▶ [GIVEN RECORDS]:
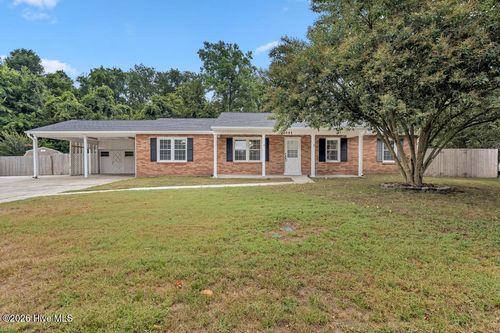 3004 Country Club Rd, Jacksonville, NC, 28546-8611 | Card Image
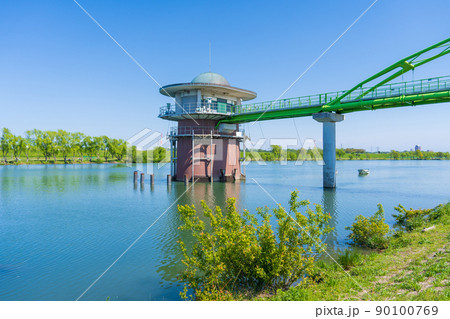 江戸川の金町浄水場取水塔 90100769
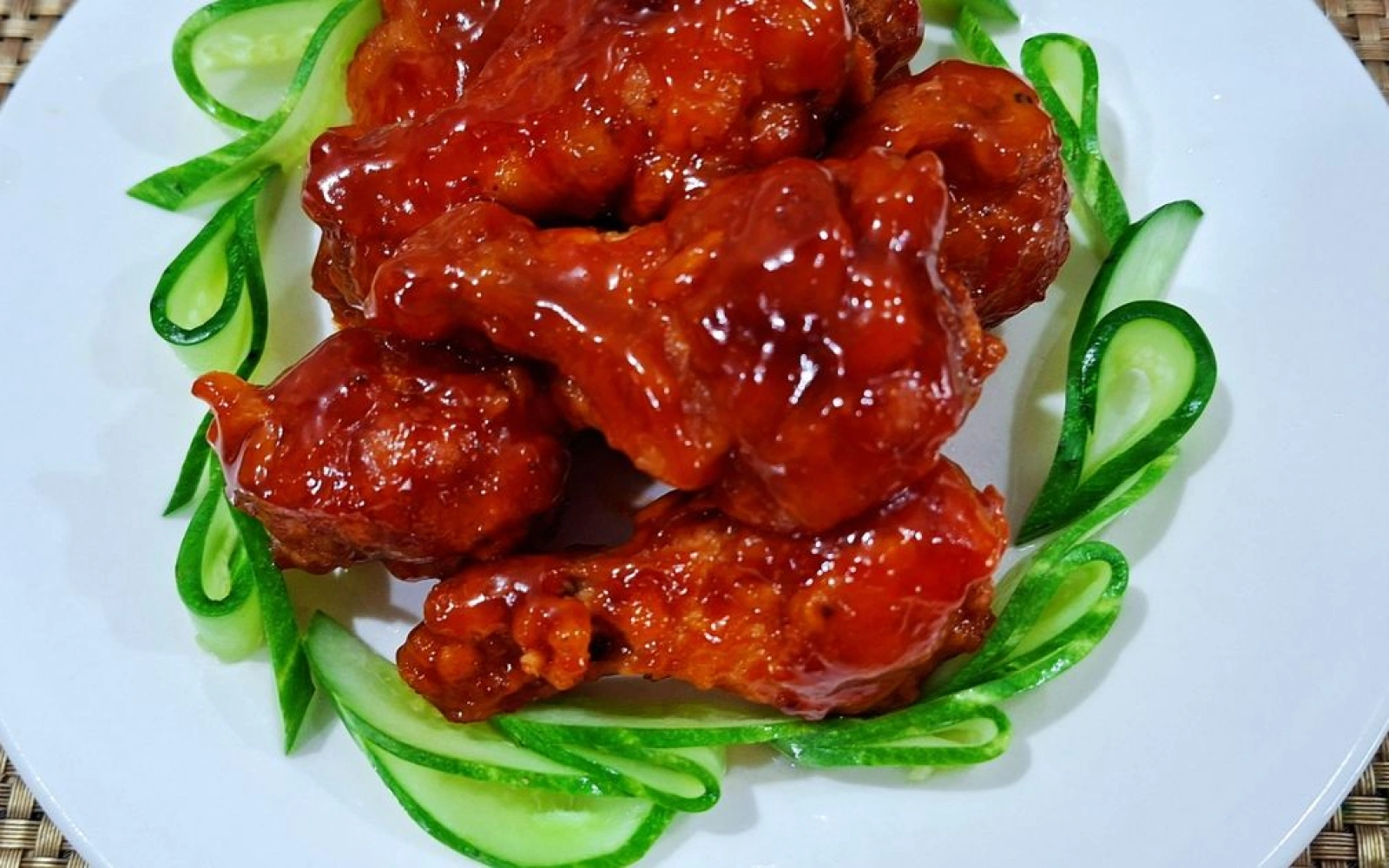 Cánh Tỏi Gà Sốt Cay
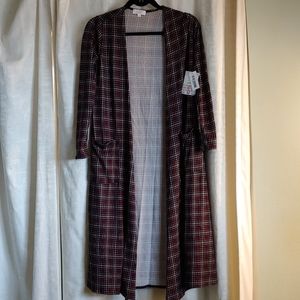 Brand New with tags Lularoe Sarah!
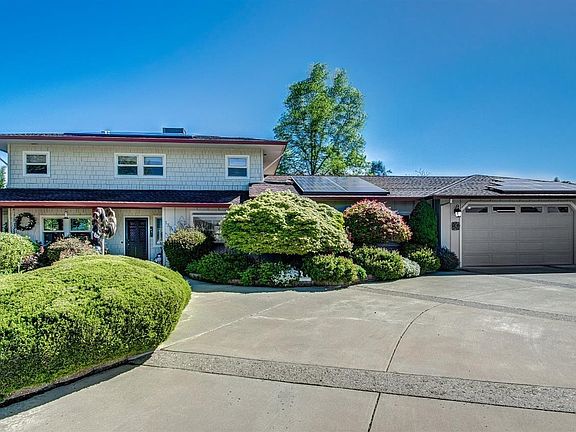 3rd image of 1391 Saddleback Dr #1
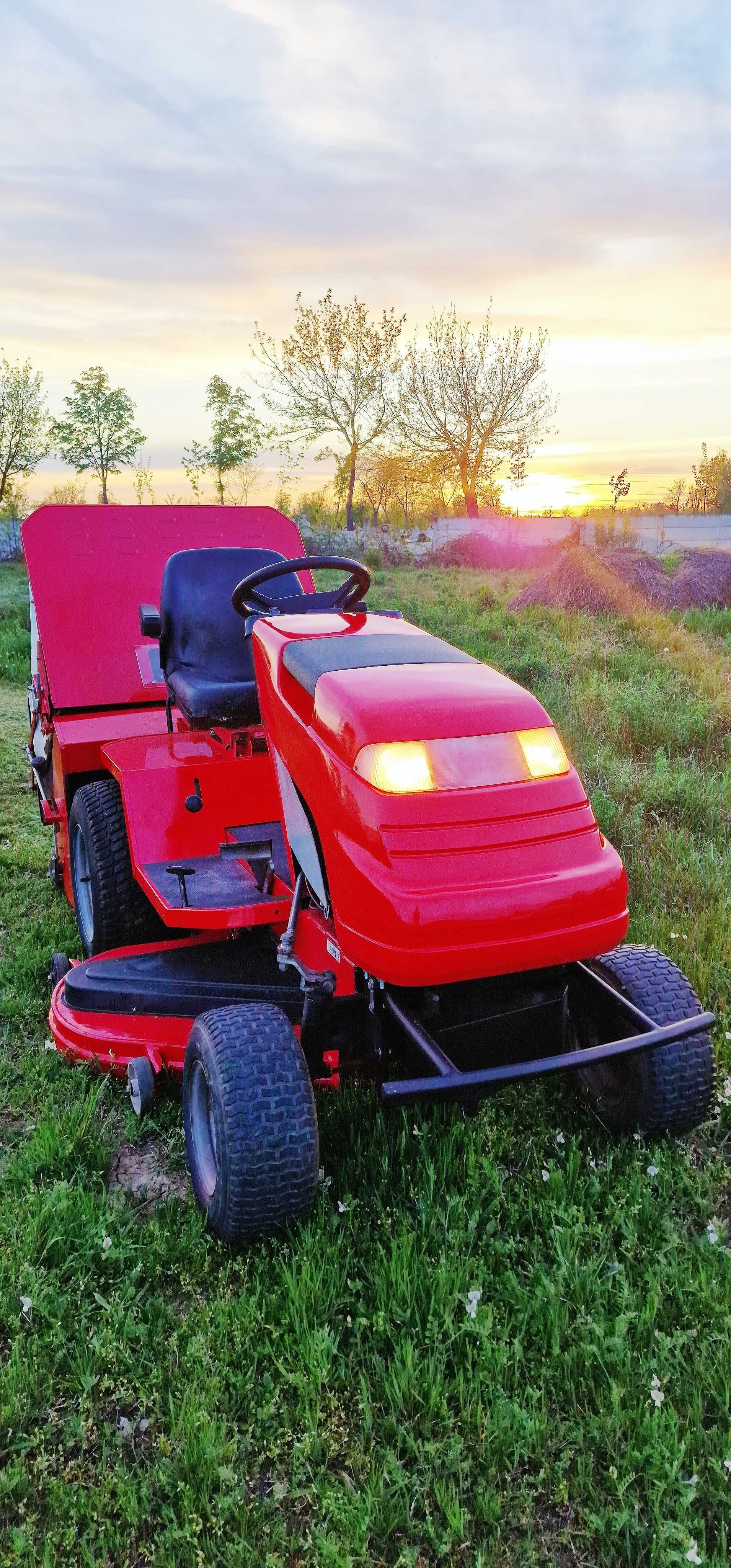 Tractoras profesional de tuns iarba Countax 22cp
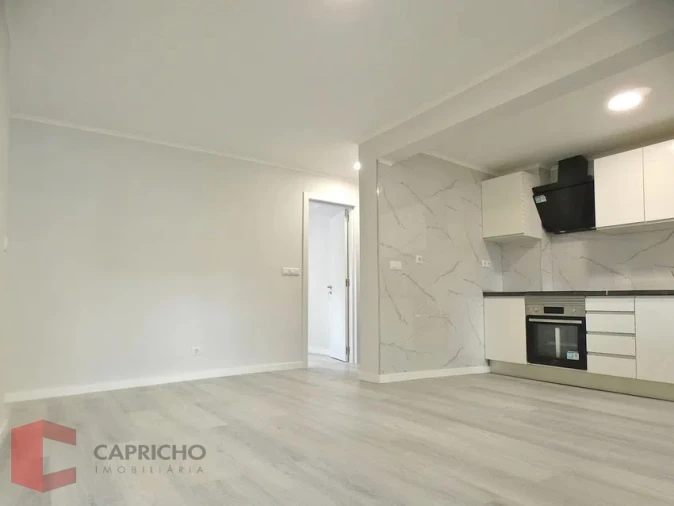 Apartamento T3 para Venda em Laranjeiro e Feijó Foto 5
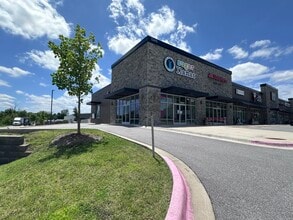 1345 Henri De Tonti, Springdale, AR à louer Photo du bâtiment- Image 1 de 8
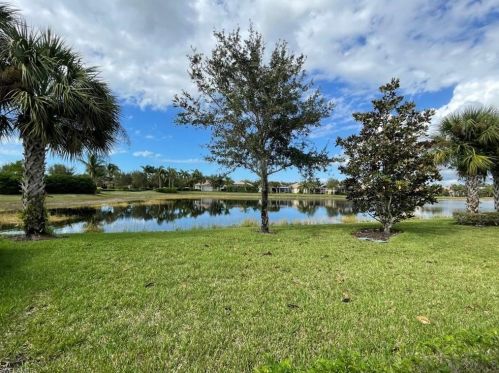 8467 Karina Ct, Naples, FL 34114-2752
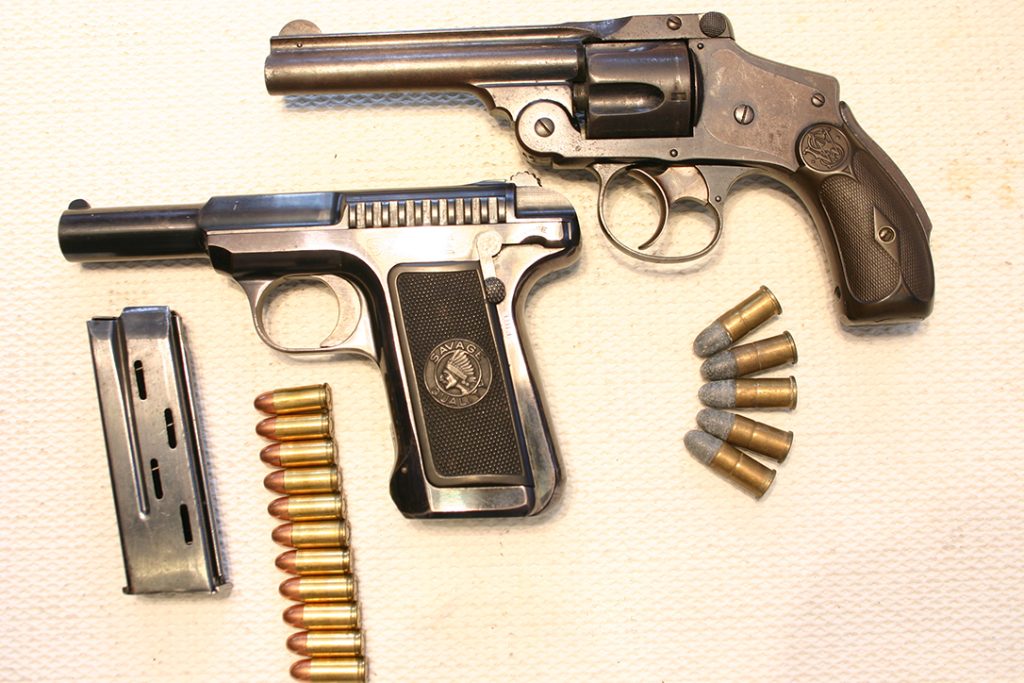 Comparing Savage Model 1907 to a Smith & Wesson Lemon Squeezer.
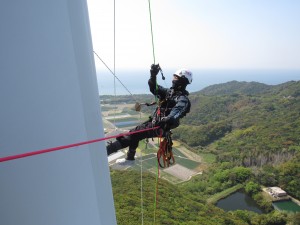 風車や橋・トンネルなどのメンテナンススタッフ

▶ [TASK OBJECTIVE]: Each line of the data needs to be output exactly, with any image excluded.

▶ [ANSWER TO THIS EXERCISE]:
 3004 Country Club Rd, Jacksonville, NC, 28546-8611 | Card Image
 江戸川の金町浄水場取水塔 90100769
 Cánh Tỏi Gà Sốt Cay
 Brand New with tags Lularoe Sarah!
 3rd image of 1391 Saddleback Dr #1
 Tractoras profesional de tuns iarba Countax 22cp
 Apartamento T3 para Venda em Laranjeiro e Feijó Foto 5
 1345 Henri De Tonti, Springdale, AR à louer Photo du bâtiment- Image 1 de 8
 8467 Karina Ct, Naples, FL 34114-2752
 Comparing Savage Model 1907 to a Smith & Wesson Lemon Squeezer.
 風車や橋・トンネルなどのメンテナンススタッフ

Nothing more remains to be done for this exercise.